RSS refers to the format Really Simple Syndication, also known as RSS 2.0.
RSS refers to the format RDF Site Summary, also known as RSS 1.0.
RSS refers collectively to all syndication feeds, whether they're in RSS 1.0, RSS 2.0 or Atom format.
I floated a proposal to the RSS-DEV Working Group last night to rename RSS 1.0 as RSS-RDF (RSS for the Resource Description Framework).
I'm asking for trouble by suggesting the idea, but as syndication has grown, RSS 2.0 appears to be eating RSS 1.0's lunch.
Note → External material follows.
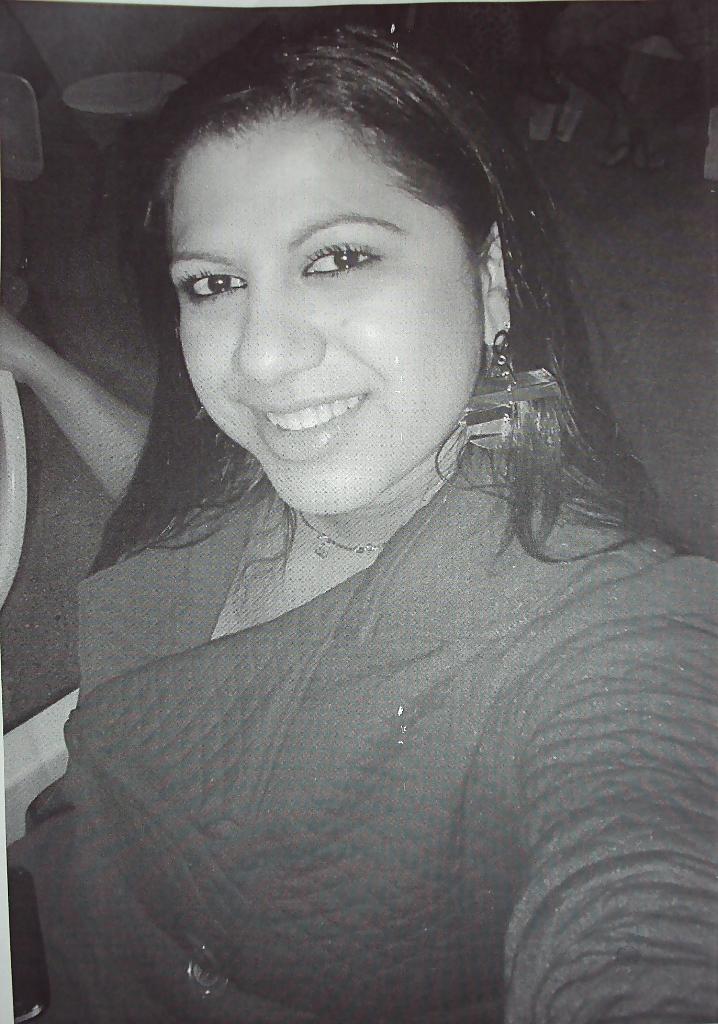 6P Cum on pics of...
According to the feed stats published on the syndication directory Syndic8, 76.3 percent of its RSS feeds are RSS 2.0 and 11.3 percent are RSS 1.0.
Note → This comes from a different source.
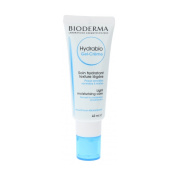 Bioderma Hydrabio Gel-Creme Light Moisturising Care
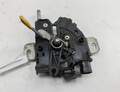 Замок капота Ford Mondeo 4 2007-2015 - 55295385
Here's their past Syndic8 percentages, using pages archived by the Internet Archive:
- February 2006: RSS 2.0 68.3%, RSS 1.0 17.6%
- March 2005: RSS 2.0 62.1%, RSS 1.0 16.5%
- December 2004: RSS 2.0 49.2%, RSS 1.0 20.6%
- April 2004: RSS 2.0 24.6%, RSS 1.0 47.3%
Those dates aren't necessarily correct, since they depend on how often Syndic8 runs statistics reports. But the trend is pretty clear.
We can debate the reasons why, but my guess is that RSS 2.0's higher version number is as much a factor as anything else. I expect that RSS 2.0 will continue to grow relative to RSS 1.0 because of Microsoft's choice to normalize to RSS 2.0 in Windows Vista and MSIE.
Each of the popular syndication formats has a strong selling point:
- Atom is an Internet standard that's more adaptable to uses outside site syndication
- RSS 1.0 builds on RDF
- RSS 2.0 is simple, loose and popular
Giving RSS 1.0 the name RSS-RDF makes its status as an RDF format more prominent and allows some elbow room to open up between two similarly named formats with a common origin.